━━ EXERCISE DATA ━━
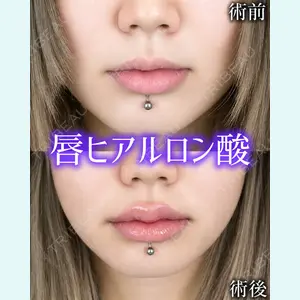 症例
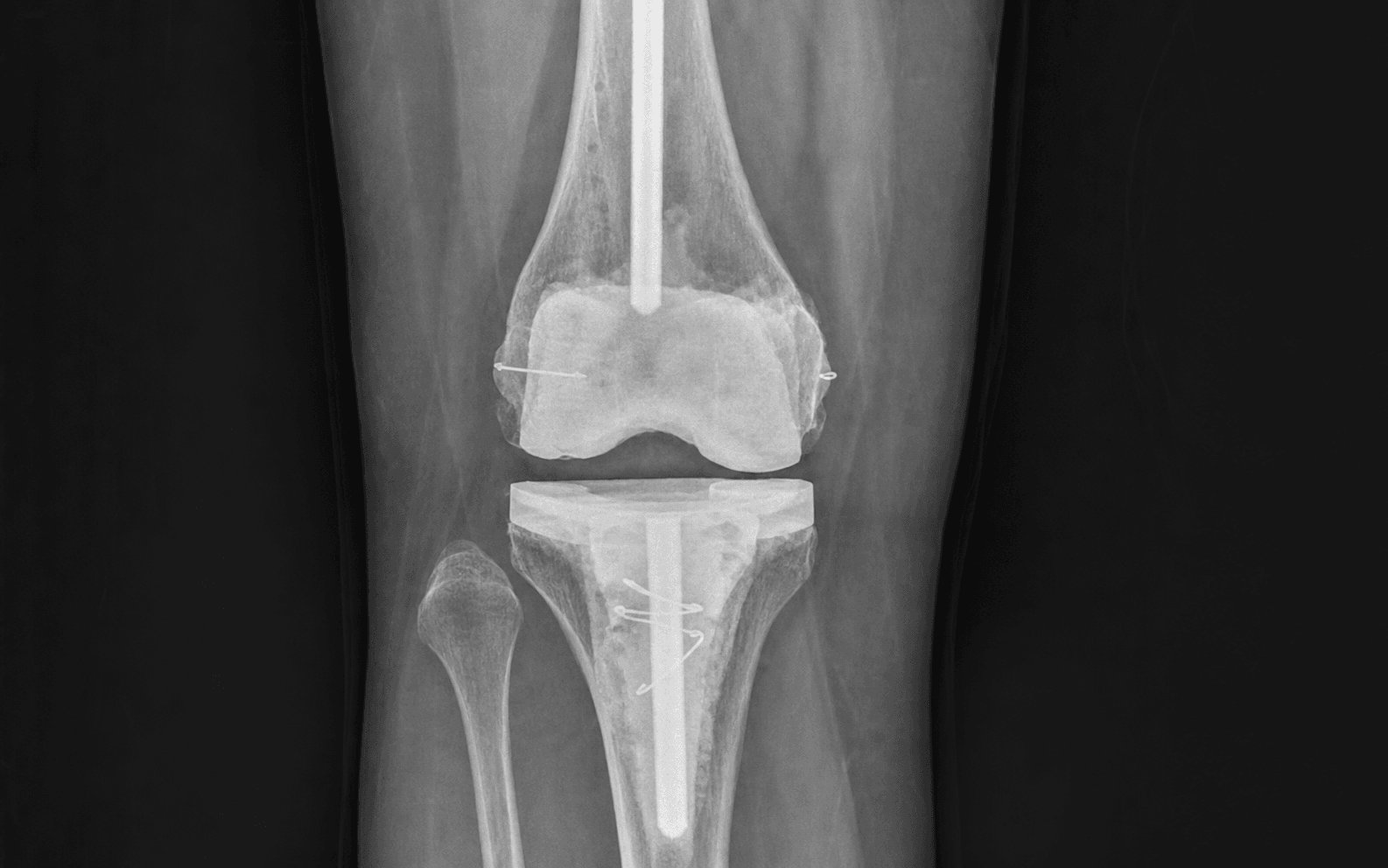 AP knee radiograph of an articulating antibiotic cement knee spacer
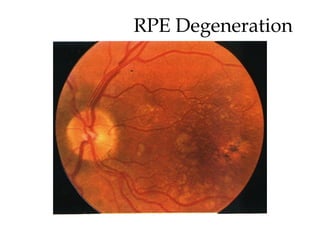RPE Degeneration 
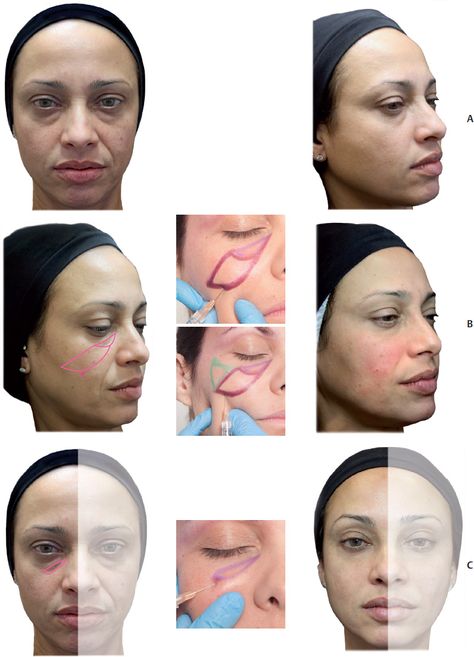 Fillers in Face Gone Wrong: What Happens When Cosmetic Procedures Fail?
━━━
_WHAT YOU WILL DO_.
Keep the pictures out of your answer, which should be the lines from the one with "AP knee radiograph" through the final line of the data, copied exactly.

_SOLUTION TO THE EXERCISE_.
 AP knee radiograph of an articulating antibiotic cement knee spacer
RPE Degeneration 
 Fillers in Face Gone Wrong: What Happens When Cosmetic Procedures Fail?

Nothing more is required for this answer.